▸ Work request:
Copy each line containing "Cover" from the listing below.

▸ The data:
********

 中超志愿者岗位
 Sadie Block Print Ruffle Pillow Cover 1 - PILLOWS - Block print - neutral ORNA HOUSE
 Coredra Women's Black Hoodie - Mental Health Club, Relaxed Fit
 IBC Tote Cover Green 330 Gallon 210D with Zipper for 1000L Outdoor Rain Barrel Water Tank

********

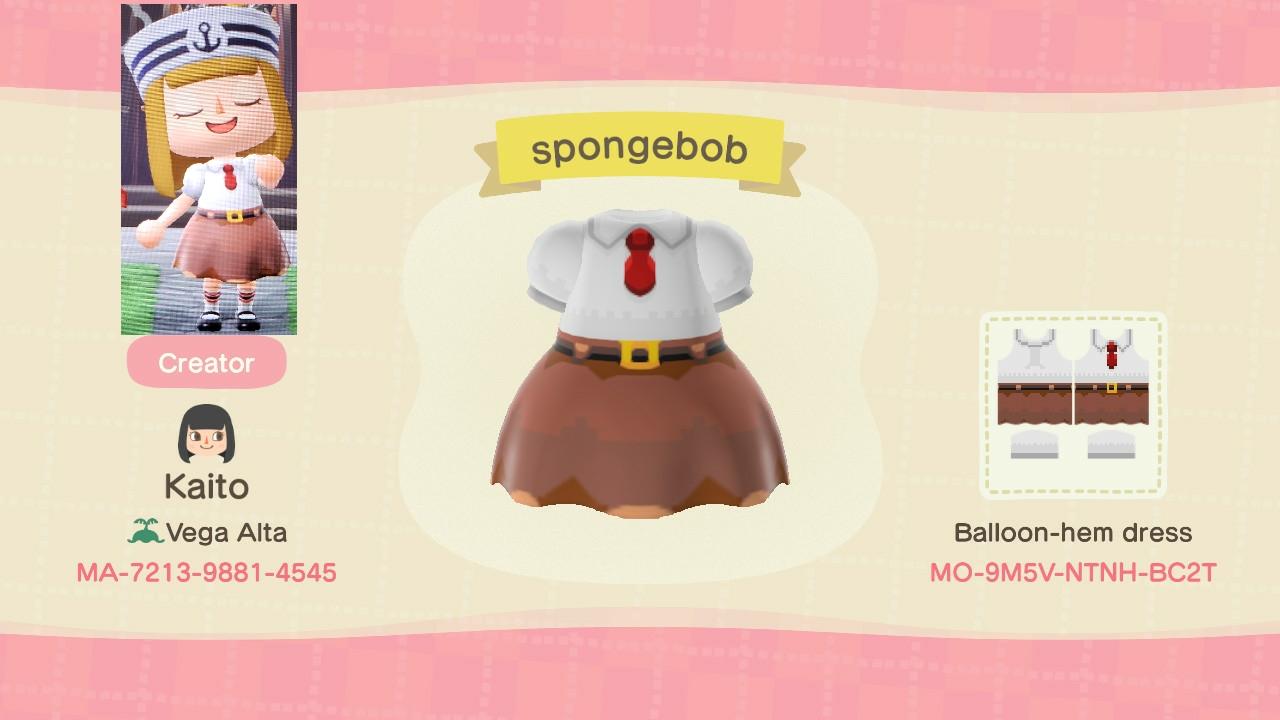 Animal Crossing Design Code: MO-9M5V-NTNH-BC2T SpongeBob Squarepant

********

▸ Completed exercise:
 Sadie Block Print Ruffle Pillow Cover 1 - PILLOWS - Block print - neutral ORNA HOUSE
 IBC Tote Cover Green 330 Gallon 210D with Zipper for 1000L Outdoor Rain Barrel Water Tank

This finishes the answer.